How much would you spend to save your pet's life? It is a dilemma no one wants to experience _ making life and death decisions.
The usual issues that arise in such a case are religious, moral and ethical in nature and are coupled with the concern for the patient's expected quality and longevity of life. The quandary is a bit different when the patient is not human. In this case, the patient was a family's moggy.
With a family pet, one often debated concern is money. The question is, exactly how much are we willing to pay to save it? This is not to say that the quality of life question is not considered or that there are not ethical, moral and religious issues. Rather, it is simply that all of these concerns are discussed as they relate to cost.
A question such as, "What quality of life will moggy have if I spend the cost of surgery?"
This is more likely to be overheard at the veterinary clinic than at the hospital.
Few people would not spend a dime on medical treatment for their pet. I have heard some say that they never spend money on veterinary costs. If their pet gets sick, they would check the ``free-to- good-home' ads. Others have commented that the amount of money they would spend to save their pet from dying was the same as the original purchase price of the animal _ if they bought their pet for $500 they would spend only $500 to save it.
On the other side of the coin are those who would spend every last cent to prolong their beloved pet's life. I have heard many people refer to their pets as their children and have witnessed owners' strong emotional bonds with pets.
I was one of them.
Four years ago, I lost my beloved tabby mate, MO. As the one constant in my life, MO went everywhere with me. On holidays, into town, in my rucksack on the back of my bike. It was just me and mister MO.
Christmas 2005, my father was ill and I went without MO for the first time to Queenstown for a family reunion. I arrived home on January 14 and my daughter told me MO had not come home the previous night. I knew then that something was very wrong. An hour later, I saw MO limping up the drive. He had obviously waited for me to come home. I picked him up, looked into his eyes and I knew then that I was going to lose him.

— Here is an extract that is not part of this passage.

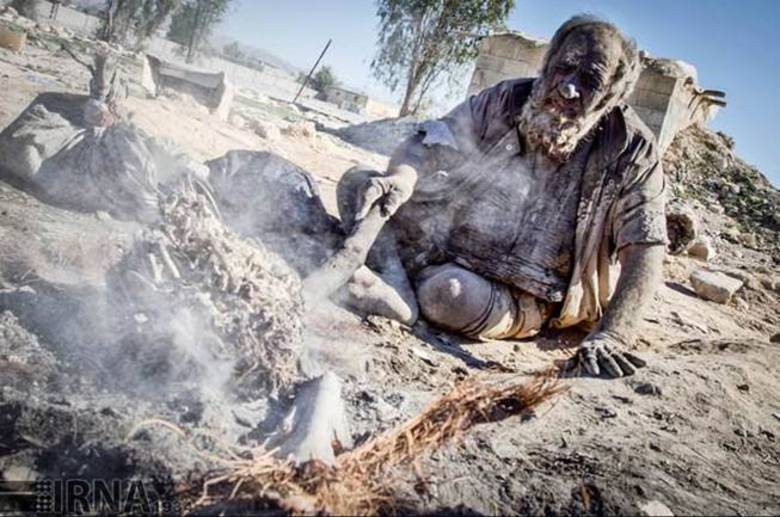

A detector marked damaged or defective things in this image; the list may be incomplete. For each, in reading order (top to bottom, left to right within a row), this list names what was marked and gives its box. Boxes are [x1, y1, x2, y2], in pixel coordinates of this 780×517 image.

dark tattered shirt [390, 78, 664, 308]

A raft of tests followed and the diagnosis was that MO had toxoplasmosis that had gone to the brain. I said goodbye to MO on July 17. Over eight years, he had given me more than I could ever possibly have repaid and if I could have saved him I would have given every last cent I had.
The family pet's lifespan continues to increase with advances in technology and medicine. Medical procedures that are considered routine today were largely unheard of a couple of decades ago. With this increase in longevity come the diseases of old age.
Pets experience more age- related diseases now than before because they live long enough to experience them. It is a bit of a trade-off, we get to spend more time with our pets but, in order to do so, we have to foot the bill. Where do you stand?